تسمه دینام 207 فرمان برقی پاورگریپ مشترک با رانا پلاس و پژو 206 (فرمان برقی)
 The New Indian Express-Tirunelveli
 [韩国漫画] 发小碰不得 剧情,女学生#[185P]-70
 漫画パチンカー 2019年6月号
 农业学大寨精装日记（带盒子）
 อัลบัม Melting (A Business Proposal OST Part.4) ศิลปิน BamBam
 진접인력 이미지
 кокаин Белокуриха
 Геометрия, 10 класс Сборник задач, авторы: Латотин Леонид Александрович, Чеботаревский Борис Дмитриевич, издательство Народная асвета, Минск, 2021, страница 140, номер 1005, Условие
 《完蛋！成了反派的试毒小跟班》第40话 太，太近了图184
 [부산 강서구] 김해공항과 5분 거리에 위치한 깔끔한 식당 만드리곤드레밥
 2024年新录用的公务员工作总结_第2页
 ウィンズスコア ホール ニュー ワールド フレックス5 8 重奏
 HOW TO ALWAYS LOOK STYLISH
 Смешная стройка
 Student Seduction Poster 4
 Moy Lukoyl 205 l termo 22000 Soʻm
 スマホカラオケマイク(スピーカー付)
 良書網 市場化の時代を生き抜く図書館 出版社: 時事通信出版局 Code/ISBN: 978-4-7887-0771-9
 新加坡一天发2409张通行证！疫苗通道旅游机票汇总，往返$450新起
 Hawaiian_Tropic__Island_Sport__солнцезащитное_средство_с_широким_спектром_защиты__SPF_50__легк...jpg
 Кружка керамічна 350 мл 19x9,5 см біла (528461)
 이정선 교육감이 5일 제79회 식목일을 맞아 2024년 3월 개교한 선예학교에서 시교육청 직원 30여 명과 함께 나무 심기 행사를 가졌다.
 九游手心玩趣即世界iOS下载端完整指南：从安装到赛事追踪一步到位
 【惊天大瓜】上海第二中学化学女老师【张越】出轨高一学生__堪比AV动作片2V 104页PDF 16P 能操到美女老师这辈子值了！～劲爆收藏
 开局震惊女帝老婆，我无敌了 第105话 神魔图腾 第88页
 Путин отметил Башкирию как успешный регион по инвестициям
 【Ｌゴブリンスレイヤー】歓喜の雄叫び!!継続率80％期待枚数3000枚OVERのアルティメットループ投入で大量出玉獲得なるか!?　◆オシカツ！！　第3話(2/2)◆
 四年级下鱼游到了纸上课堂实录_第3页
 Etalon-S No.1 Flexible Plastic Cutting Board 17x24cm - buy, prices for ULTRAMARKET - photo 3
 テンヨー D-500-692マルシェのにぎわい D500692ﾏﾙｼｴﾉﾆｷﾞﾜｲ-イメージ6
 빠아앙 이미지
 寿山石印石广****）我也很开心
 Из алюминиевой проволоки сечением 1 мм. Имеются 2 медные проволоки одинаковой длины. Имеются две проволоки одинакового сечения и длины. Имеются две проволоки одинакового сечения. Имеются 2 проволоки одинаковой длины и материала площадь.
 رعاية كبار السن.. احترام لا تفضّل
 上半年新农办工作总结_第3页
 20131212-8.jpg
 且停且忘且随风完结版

━━━━━━━━━━━━━━━━

▶ **WORK TO COMPLETE**: Retype the entries in full. Keep every line identical.

▶ **RESPONSE BELOW**:
تسمه دینام 207 فرمان برقی پاورگریپ مشترک با رانا پلاس و پژو 206 (فرمان برقی)
 The New Indian Express-Tirunelveli
 [韩国漫画] 发小碰不得 剧情,女学生#[185P]-70
 漫画パチンカー 2019年6月号
 农业学大寨精装日记（带盒子）
 อัลบัม Melting (A Business Proposal OST Part.4) ศิลปิน BamBam
 진접인력 이미지
 кокаин Белокуриха
 Геометрия, 10 класс Сборник задач, авторы: Латотин Леонид Александрович, Чеботаревский Борис Дмитриевич, издательство Народная асвета, Минск, 2021, страница 140, номер 1005, Условие
 《完蛋！成了反派的试毒小跟班》第40话 太，太近了图184
 [부산 강서구] 김해공항과 5분 거리에 위치한 깔끔한 식당 만드리곤드레밥
 2024年新录用的公务员工作总结_第2页
 ウィンズスコア ホール ニュー ワールド フレックス5 8 重奏
 HOW TO ALWAYS LOOK STYLISH
 Смешная стройка
 Student Seduction Poster 4
 Moy Lukoyl 205 l termo 22000 Soʻm
 スマホカラオケマイク(スピーカー付)
 良書網 市場化の時代を生き抜く図書館 出版社: 時事通信出版局 Code/ISBN: 978-4-7887-0771-9
 新加坡一天发2409张通行证！疫苗通道旅游机票汇总，往返$450新起
 Hawaiian_Tropic__Island_Sport__солнцезащитное_средство_с_широким_спектром_защиты__SPF_50__легк...jpg
 Кружка керамічна 350 мл 19x9,5 см біла (528461)
 이정선 교육감이 5일 제79회 식목일을 맞아 2024년 3월 개교한 선예학교에서 시교육청 직원 30여 명과 함께 나무 심기 행사를 가졌다.
 九游手心玩趣即世界iOS下载端完整指南：从安装到赛事追踪一步到位
 【惊天大瓜】上海第二中学化学女老师【张越】出轨高一学生__堪比AV动作片2V 104页PDF 16P 能操到美女老师这辈子值了！～劲爆收藏
 开局震惊女帝老婆，我无敌了 第105话 神魔图腾 第88页
 Путин отметил Башкирию как успешный регион по инвестициям
 【Ｌゴブリンスレイヤー】歓喜の雄叫び!!継続率80％期待枚数3000枚OVERのアルティメットループ投入で大量出玉獲得なるか!?　◆オシカツ！！　第3話(2/2)◆
 四年级下鱼游到了纸上课堂实录_第3页
 Etalon-S No.1 Flexible Plastic Cutting Board 17x24cm - buy, prices for ULTRAMARKET - photo 3
 テンヨー D-500-692マルシェのにぎわい D500692ﾏﾙｼｴﾉﾆｷﾞﾜｲ-イメージ6
 빠아앙 이미지
 寿山石印石广****）我也很开心
 Из алюминиевой проволоки сечением 1 мм. Имеются 2 медные проволоки одинаковой длины. Имеются две проволоки одинакового сечения и длины. Имеются две проволоки одинакового сечения. Имеются 2 проволоки одинаковой длины и материала площадь.
 رعاية كبار السن.. احترام لا تفضّل
 上半年新农办工作总结_第3页
 20131212-8.jpg
 且停且忘且随风完结版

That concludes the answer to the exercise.